··· Exercise data ···

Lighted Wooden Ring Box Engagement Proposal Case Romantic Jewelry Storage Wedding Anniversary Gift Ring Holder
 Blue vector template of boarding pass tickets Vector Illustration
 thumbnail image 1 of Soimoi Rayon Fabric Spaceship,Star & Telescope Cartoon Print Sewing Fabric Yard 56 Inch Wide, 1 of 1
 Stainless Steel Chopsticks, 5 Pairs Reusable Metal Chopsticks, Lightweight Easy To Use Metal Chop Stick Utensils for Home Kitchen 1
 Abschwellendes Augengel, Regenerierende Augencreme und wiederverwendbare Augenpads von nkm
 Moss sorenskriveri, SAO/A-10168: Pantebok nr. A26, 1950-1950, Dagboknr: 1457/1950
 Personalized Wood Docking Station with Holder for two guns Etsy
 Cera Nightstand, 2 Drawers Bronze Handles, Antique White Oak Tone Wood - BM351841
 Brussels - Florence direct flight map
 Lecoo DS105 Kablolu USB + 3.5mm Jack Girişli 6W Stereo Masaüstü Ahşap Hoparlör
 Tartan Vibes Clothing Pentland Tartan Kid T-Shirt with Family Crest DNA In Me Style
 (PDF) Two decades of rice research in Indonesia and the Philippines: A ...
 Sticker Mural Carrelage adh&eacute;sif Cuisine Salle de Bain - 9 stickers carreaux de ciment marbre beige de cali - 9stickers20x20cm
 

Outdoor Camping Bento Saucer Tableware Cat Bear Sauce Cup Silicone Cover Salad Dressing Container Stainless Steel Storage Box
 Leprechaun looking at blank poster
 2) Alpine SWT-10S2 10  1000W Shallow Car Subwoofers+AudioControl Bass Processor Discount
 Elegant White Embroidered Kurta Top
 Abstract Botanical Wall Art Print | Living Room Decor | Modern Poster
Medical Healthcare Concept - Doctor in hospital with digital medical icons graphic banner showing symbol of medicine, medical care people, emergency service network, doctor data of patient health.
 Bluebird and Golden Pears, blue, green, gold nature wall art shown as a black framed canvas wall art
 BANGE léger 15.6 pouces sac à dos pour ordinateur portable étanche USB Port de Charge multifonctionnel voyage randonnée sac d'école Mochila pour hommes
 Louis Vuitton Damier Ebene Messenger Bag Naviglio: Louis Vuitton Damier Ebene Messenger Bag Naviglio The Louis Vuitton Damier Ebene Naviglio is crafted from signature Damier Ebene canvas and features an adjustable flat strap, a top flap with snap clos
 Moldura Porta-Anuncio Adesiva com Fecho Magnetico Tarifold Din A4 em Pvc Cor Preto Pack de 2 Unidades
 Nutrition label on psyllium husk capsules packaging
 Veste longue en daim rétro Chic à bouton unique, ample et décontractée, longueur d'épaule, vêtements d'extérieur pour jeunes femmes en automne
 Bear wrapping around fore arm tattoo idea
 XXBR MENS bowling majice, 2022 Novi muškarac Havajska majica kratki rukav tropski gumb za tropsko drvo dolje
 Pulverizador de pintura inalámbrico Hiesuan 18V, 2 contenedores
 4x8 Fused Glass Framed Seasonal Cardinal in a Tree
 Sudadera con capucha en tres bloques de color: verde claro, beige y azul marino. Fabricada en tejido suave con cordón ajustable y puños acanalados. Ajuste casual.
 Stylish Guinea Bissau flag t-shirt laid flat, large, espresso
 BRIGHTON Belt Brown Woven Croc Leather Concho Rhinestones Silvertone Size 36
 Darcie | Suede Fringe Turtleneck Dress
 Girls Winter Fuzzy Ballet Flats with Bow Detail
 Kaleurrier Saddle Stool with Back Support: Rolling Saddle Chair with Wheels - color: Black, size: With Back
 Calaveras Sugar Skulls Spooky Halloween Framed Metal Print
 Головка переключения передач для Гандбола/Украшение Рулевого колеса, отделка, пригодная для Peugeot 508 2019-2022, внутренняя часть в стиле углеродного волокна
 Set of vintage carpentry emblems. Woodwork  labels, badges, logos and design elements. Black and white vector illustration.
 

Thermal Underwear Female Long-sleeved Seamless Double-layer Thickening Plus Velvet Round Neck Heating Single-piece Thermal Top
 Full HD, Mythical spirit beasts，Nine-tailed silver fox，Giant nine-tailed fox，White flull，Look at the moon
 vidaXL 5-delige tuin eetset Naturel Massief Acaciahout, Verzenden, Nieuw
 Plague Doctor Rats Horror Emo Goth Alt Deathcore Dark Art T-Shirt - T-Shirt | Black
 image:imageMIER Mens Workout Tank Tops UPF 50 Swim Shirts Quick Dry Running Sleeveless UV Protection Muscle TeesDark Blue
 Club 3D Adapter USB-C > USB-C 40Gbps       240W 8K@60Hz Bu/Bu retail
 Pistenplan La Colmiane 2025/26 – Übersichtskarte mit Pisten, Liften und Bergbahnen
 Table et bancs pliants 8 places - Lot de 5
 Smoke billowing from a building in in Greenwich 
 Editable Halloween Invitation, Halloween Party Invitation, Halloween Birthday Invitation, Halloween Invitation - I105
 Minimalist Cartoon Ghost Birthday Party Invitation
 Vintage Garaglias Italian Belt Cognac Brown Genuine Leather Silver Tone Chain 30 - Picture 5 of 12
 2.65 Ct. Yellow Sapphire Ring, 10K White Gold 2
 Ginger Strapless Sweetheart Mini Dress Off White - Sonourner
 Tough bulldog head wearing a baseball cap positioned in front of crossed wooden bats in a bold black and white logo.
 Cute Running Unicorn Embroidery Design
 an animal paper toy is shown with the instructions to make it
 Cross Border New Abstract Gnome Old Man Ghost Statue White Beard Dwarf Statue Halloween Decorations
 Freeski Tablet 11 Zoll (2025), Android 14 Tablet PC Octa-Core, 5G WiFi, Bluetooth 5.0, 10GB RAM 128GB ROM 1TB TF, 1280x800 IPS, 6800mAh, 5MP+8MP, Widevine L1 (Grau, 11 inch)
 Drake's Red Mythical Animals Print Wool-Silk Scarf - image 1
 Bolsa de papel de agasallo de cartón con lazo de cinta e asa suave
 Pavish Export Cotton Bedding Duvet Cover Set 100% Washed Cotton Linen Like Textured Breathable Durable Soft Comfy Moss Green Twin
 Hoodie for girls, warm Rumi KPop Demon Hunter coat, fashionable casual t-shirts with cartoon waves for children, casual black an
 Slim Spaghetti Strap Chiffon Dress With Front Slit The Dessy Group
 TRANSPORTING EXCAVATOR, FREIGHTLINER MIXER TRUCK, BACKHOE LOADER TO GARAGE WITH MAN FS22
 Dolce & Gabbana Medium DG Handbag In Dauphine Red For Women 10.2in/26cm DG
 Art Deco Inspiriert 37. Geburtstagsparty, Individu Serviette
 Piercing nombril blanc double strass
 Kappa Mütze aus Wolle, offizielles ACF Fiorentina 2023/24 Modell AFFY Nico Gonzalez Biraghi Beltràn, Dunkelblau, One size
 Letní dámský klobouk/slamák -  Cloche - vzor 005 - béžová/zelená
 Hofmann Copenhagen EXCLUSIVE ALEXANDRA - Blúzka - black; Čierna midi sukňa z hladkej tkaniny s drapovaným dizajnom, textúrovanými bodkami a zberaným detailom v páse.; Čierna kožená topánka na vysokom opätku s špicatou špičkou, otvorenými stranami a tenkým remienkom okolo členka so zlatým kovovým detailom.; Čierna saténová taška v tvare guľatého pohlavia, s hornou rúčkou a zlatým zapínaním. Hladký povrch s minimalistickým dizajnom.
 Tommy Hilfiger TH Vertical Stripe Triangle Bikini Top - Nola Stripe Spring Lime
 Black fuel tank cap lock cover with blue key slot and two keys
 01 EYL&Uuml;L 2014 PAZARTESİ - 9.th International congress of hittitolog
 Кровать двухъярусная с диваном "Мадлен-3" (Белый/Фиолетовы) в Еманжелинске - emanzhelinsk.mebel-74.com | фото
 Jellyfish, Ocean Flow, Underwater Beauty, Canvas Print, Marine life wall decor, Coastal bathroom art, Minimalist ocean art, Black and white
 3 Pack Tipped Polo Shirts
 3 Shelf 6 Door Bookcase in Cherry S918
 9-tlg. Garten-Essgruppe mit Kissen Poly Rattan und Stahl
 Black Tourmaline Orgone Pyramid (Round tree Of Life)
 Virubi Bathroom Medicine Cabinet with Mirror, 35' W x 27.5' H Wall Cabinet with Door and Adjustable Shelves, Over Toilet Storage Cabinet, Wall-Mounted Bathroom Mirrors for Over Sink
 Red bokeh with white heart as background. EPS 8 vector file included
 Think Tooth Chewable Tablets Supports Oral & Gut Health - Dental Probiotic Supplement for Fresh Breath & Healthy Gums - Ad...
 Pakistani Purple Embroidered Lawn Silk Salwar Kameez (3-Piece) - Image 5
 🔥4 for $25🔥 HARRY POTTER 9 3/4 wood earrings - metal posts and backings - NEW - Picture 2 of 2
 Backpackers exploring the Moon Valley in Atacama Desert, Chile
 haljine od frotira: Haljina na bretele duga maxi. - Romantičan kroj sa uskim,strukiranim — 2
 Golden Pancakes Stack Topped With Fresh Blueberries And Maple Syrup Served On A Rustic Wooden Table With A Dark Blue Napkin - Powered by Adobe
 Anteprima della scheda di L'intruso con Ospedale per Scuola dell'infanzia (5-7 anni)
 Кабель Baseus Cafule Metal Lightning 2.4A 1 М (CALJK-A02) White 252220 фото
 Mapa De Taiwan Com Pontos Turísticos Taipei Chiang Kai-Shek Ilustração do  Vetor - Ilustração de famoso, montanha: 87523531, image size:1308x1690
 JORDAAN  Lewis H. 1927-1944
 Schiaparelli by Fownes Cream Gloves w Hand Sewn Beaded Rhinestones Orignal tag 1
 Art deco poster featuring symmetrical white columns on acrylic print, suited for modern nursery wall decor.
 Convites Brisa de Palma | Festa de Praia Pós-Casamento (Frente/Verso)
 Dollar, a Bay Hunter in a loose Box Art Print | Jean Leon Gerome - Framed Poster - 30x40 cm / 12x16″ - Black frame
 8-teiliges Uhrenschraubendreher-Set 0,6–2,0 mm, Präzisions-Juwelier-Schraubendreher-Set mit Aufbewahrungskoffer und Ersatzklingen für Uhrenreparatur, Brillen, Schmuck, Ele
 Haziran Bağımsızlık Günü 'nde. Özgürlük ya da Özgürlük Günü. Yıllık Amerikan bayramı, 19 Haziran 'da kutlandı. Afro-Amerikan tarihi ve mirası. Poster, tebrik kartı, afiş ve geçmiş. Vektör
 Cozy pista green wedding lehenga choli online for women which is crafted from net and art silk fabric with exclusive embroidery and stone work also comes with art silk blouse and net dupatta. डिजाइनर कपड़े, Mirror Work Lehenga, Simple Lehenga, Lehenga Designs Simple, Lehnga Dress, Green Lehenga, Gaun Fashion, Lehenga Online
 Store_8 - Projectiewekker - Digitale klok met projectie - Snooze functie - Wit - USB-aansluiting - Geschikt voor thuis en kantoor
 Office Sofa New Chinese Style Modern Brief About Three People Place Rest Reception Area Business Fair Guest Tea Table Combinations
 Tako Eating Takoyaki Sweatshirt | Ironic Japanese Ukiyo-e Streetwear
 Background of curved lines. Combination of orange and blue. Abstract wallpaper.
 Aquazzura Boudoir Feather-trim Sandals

···

* [Task to complete] Using the entries shown above, reproduce verbatim the lines from the line bearing "Art Deco Inspiriert" to the line bearing "Letní dámský klobouk/slamák", inclusive.

* [Reply to the task]
 Art Deco Inspiriert 37. Geburtstagsparty, Individu Serviette
 Piercing nombril blanc double strass
 Kappa Mütze aus Wolle, offizielles ACF Fiorentina 2023/24 Modell AFFY Nico Gonzalez Biraghi Beltràn, Dunkelblau, One size
 Letní dámský klobouk/slamák -  Cloche - vzor 005 - béžová/zelená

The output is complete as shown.